Image-text web data:
=== Section Start ===
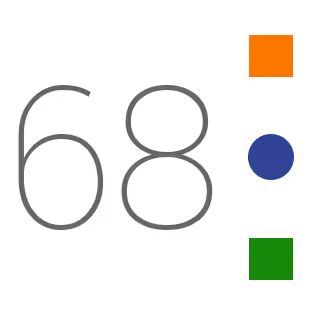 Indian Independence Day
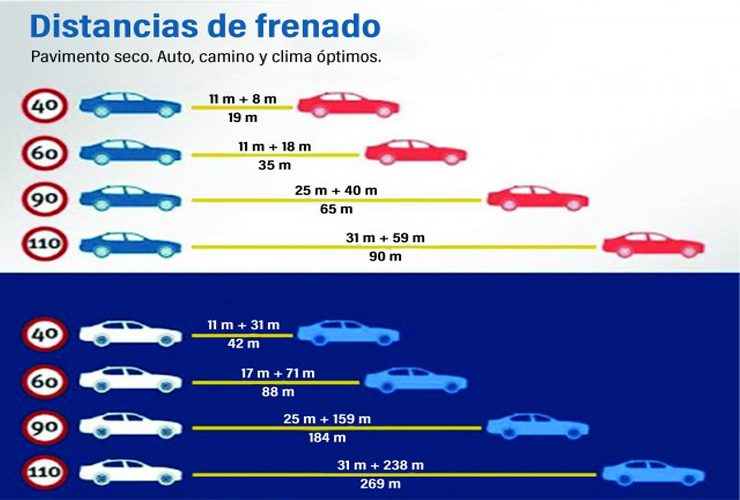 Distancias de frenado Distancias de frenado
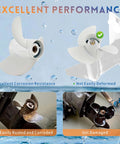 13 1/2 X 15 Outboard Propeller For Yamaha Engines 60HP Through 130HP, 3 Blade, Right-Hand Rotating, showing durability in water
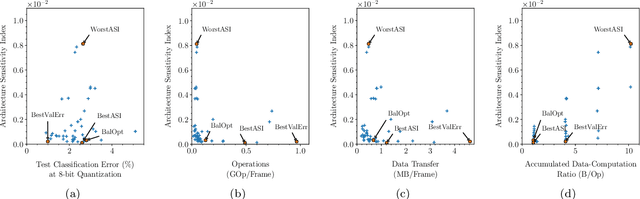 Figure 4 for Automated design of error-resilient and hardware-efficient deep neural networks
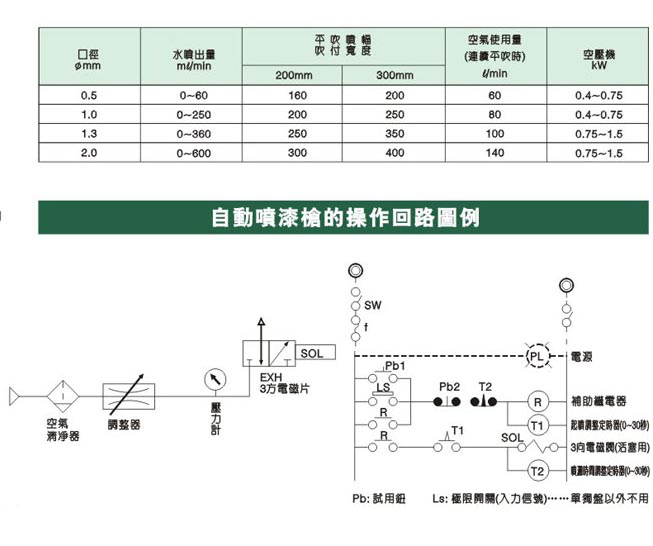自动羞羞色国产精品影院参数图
=== Section End ===
*About this task*. Repeat only the lines from the line with "Figure 4 for" to the end of the entries, including both the first and the last line, and drop every picture.

*Exercise solution*.
 Figure 4 for Automated design of error-resilient and hardware-efficient deep neural networks
自动羞羞色国产精品影院参数图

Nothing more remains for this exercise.